Selective Adsorption Behavior of Cesium Ions onto Granite

  The adsorption behavior of Cs⁺ onto granite was investigated. The distribution coefficient (K_d) of Cs⁺ onto granite was determined in the solution of which pH was ranged from 2.3 to 10.9 and ionic strength was set at 10^-2 and 10^-1. It is found that the K_d values for granite were larger than those for quartz, and the K_d values were found to increase with increasing pH and with decreasing ionic strength. The obtained data were successfully analyzed by an electrical double layer model and the optimum parameter values of the double layer electrostatics and adsorption reactions were obtained. The selective adsorption behavior of Cs⁺ onto the mineral components was discussed, and Cs⁺ were considered to be mainly adsorbed onto feldspars in the granite.

Interaction between Cementitious Materials and Np(V) or Pu(IV)

  It is important to evaluate sorption ability of cementitious materials to enclose radionuclides therein in waste repository. The cementitious material will be neutralized by interaction with CO₂ in air and HCO₃ in groundwater and this neutralization is supposed to have an effect on the sorption ability of the materials. Therefore, it is necessary to clarify this effect of degraded cement by neutralization.
  The behaviors of ²³⁹Pu(IV) and ²³⁷Np(V) in a highly alkaline groundwater solution contacting with cement and also their sorption on degraded neutralized cement paste were studied by batch method.
  It was found that K_d values of ²³⁷Np(V) or ²³⁹Pu(IV) on non-neutralized cement were as large as over 10⁵ ml/g. The values gradually decreased with decreasing pH of the solution following neutralization of the cement paste. At pH 10, the K_d values of ²³⁹Pu(IV) and ²³⁷Np(V) remained in the order of 10⁴ and 10³ ml/g, respectively, and chemical barrier ability was still large. Chemical behaviors of ²³⁷Np(V) were also studied by spectroscopic method and particle size measurement. A shift of absorption peak was found and colloidal ²³⁷Np(V) was observed to be formed in solution contacting with cement. Colloidal ²³⁷Np(V) would be filtrated by cementitious materials in a repository.
  For the performance assessment of artificial barriers, it is necessary to take into account that chemical atmosphere in near field is affected by neutralization of cementitious materials, which will occur over a very long period.

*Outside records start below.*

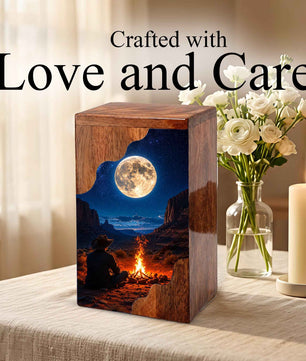 Cowboy Wooden Cremation Urn for Human Ashes – Personalized Western Memorial Urn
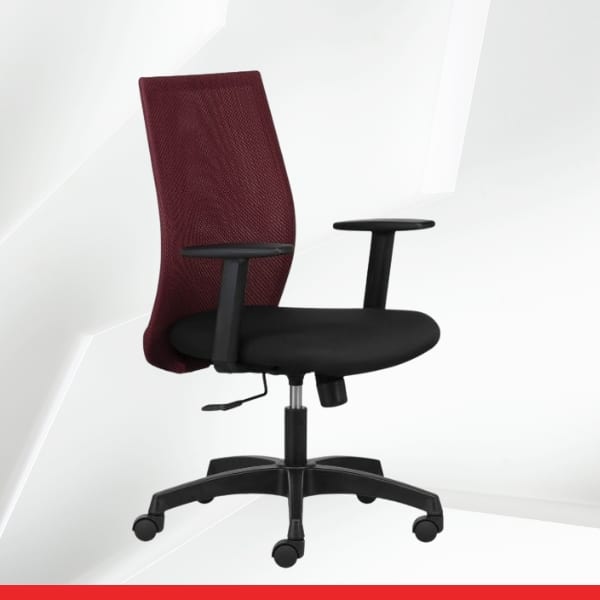 Vector – Mid Back Mesh Ergonomic Chair with Adjustable Arms-maroon-TRANSTEEL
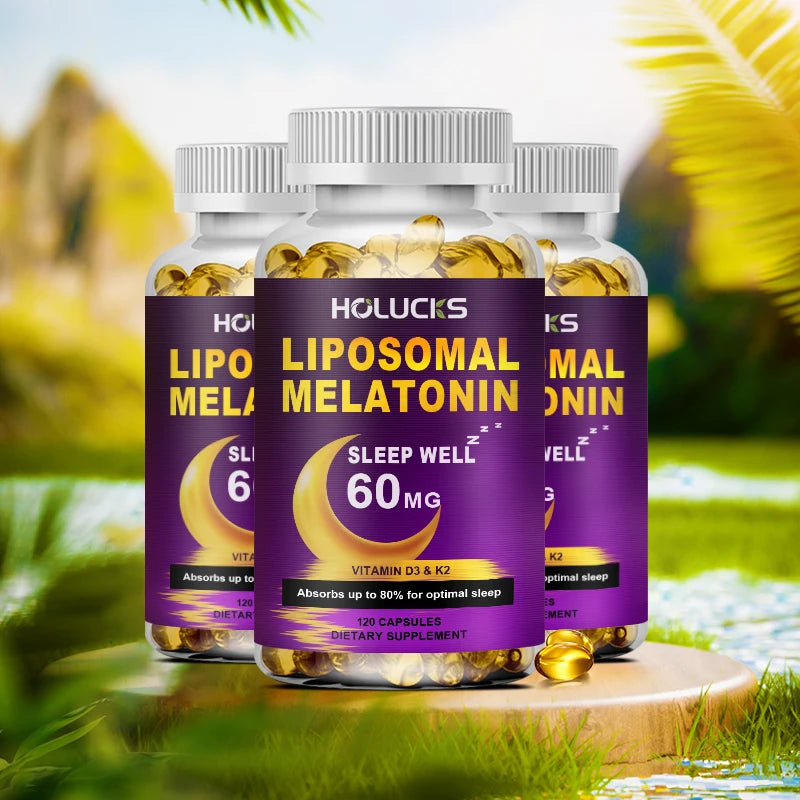 HOLUCKS Melatonin 60mg with D3 K2 Chamomile – 150 Softgels Sleep Supplement Qst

Hanford Tank Cleanup Operation

  The US DOE'sHanford Site is the central facilities where the development of nuclear weapons had been made during the World War II and throughout the Cold War years thereafter.
  There are 177 tanks to store the wastes produced from the Pu production facilities after extracting Pu from the irradiated U fuels. The constituents of the wastes are very complicated and there still remain highly radioactive nuclides. Not only liquid, but also sludges and solid wastes are remained within the tanks.
  This is a brief summary on history and experiences at the Hanford Pu production facilities in general. In order to proceed the Hanford Tank Cleanup Operations, DOE has made the decision to privatize the Project Hanford Management Contract to Fluor Daniel and Tank Waste Remediation System to BNFL Inc. and Lockheed Martin in autumn 1996.

Operational Phase In site Experiments of Äspö Hard Rock Laboratory International Project and CRIEPI's Contribution

  An operational phase of Äspö Hard Rock Laboratory international project was started in 1995. Two different types of in situ experiments, i.e., experiments for description of the barrier function of host rock and for demonstration of the function of important parts of a repository system, are being carried out and/or planned. The former consists of groundwater flow and tracer migration experiments in a single fracture called TRUE, redox experiment in the detailed scale called REX, arid in situ column experiment by CHEMLAB called RNR. The latter consists of backfill and plug test, long term performance tests of bentonite as buffer material, and construction of prototype repository. This paper describes the status and the research plans of the Äspö HRL project during the operational phase and CRIEPI's contribution to the project as well.